Me enternece pensar en los tiempos aquellos en los que salía a pasearme las calles de Sevilla sin rumbo fijo ni hora de vuelta, cuando quedaba en cualquier sitio a cualquier hora porque los amigos eran más fáciles de convocar.
No había rutinas que nos anclaran a la casa, ni agotamientos laborales. Alguien llamaba al telefonillo del portal y yo bajaba, a tomar café por la Alameda para arreglar el mundo, porque el mundo estaba por encima de nosotros, a tomar un helado sentado un banco de la Plaza de San Pedro, a empalmar con unas cañas en el Salvador.
Sin leyes.
Esos tiempos de clandestinidad, sumergido en mi doble vida particular, anotado a mil tertulias, esos años en los que todo el dinero que hacía me lo gastaba en viajar.
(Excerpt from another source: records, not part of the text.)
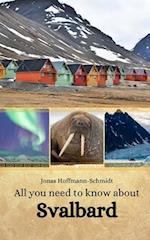 All you need to know about Svalbard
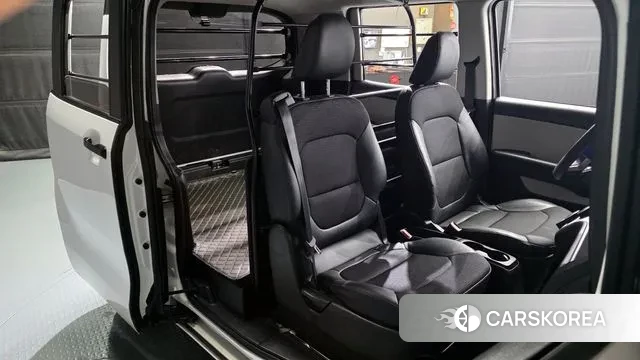 Kia The New Ray 2022 Белый из Кореи, фото 2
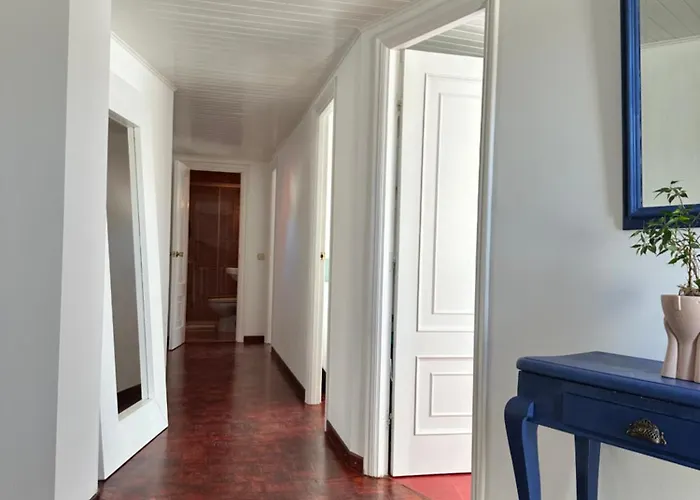 דירה Gran Atico Duplex Centro Muros,terraza Con Vistas מורוס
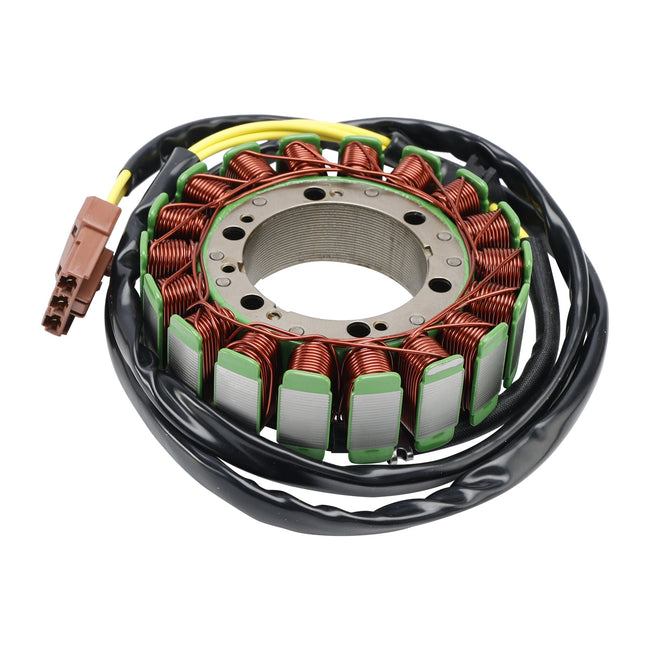 2006-2009 Aprilia RSV 1000 Tuono Fabrik Magneto Spule Stator + Spannungsregler + Dichtung Assy AP0685330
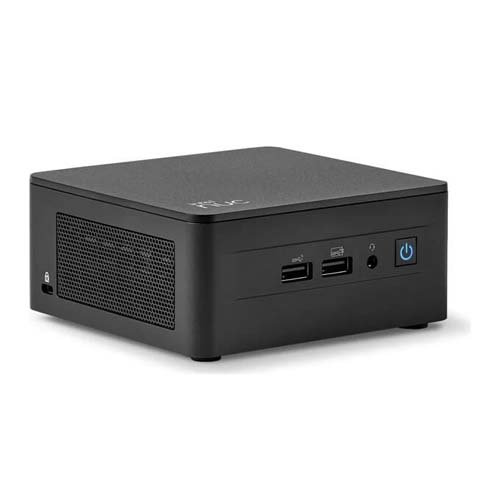Intel NUC 13 Pro Kit Barebone Mini PC (I5-1340P With Intel Iris Xe Graphics) RNUC13ANHI50000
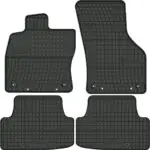 VW GOLF VII (2012-2020) MOCNE dywaniki gumowe NA WYMIAR + STOPERY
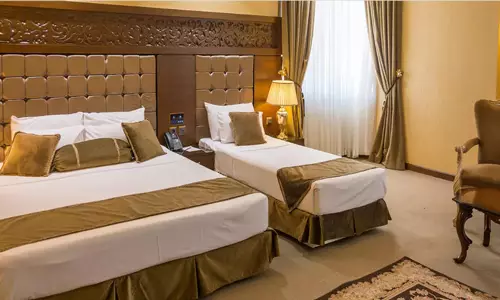 هتل الماس نوین مشهد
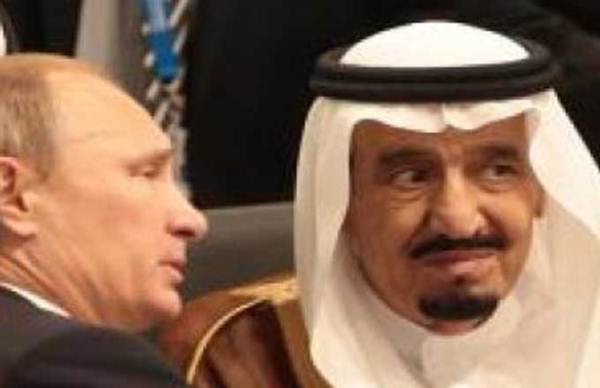 بوتين كان هاجم السعودية حول اسعار النفط 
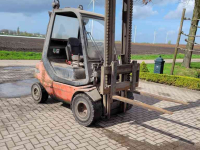 Chariot élévateur Linde Heftruck  H 30D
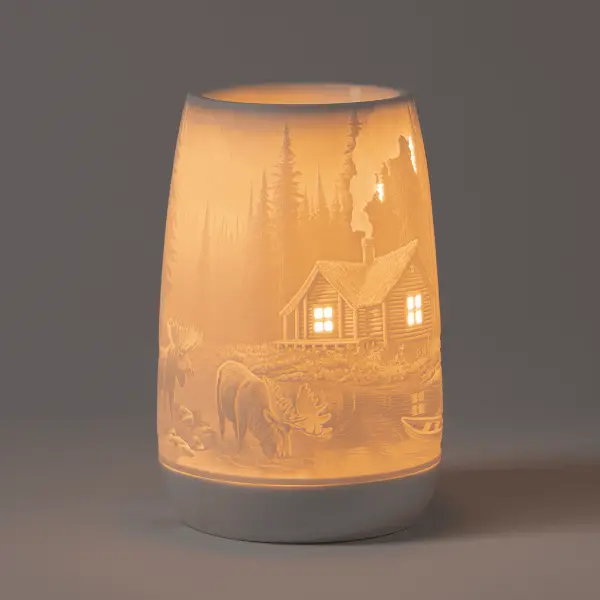 Mountain Retreat Scentsy Warmer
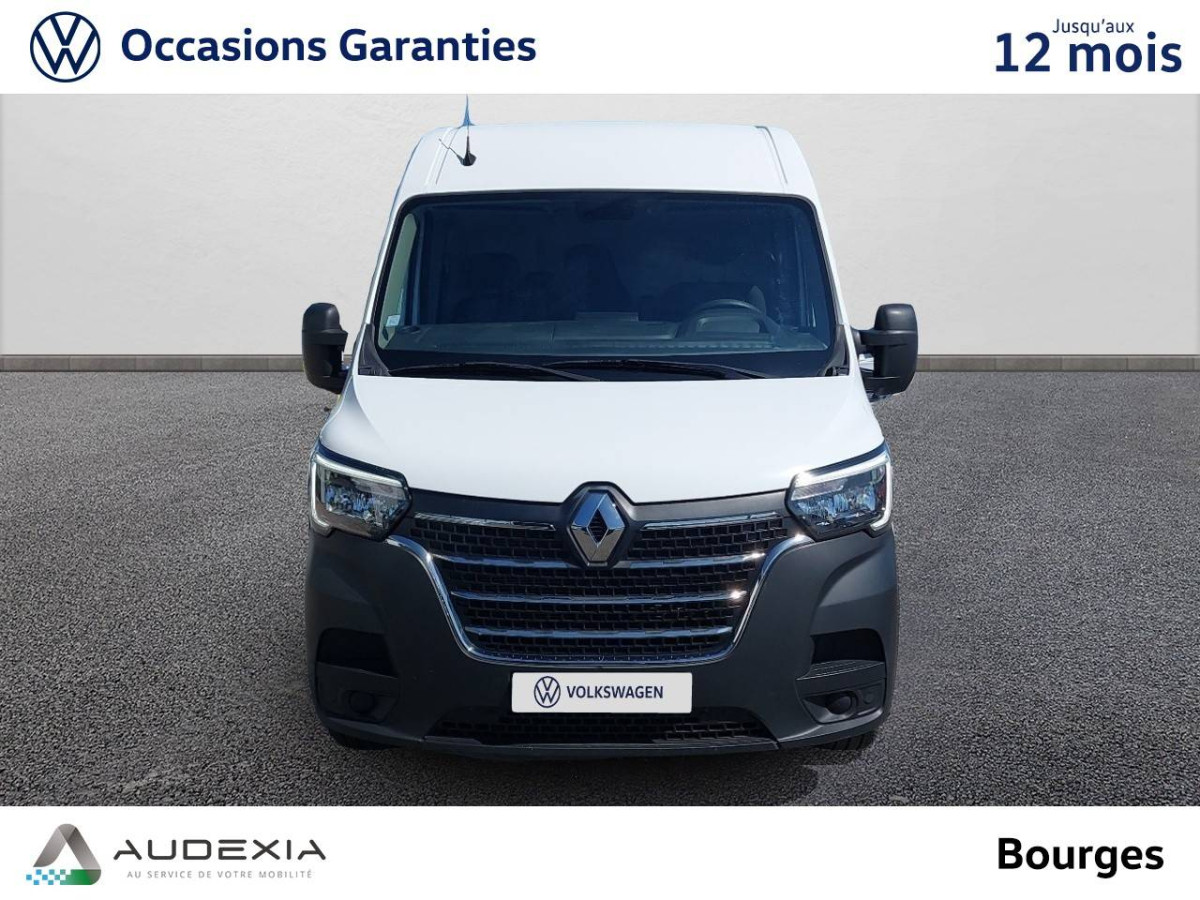 RENAULT MASTER FOURGON à Bourges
Esos viajes con mochila donde lo menos importante era dónde cenar, sino hacerse todas las ciudades posibles, encontrar conversaciones en inglés en paradas de autobús, decir que sí a desconocidos. Probarlo todo, dejarse llevar, volar en tierra.
Echo de menos llegar al Sopa de Ganso, con dos cervecitas de más, y pedir pechuga con bechamel.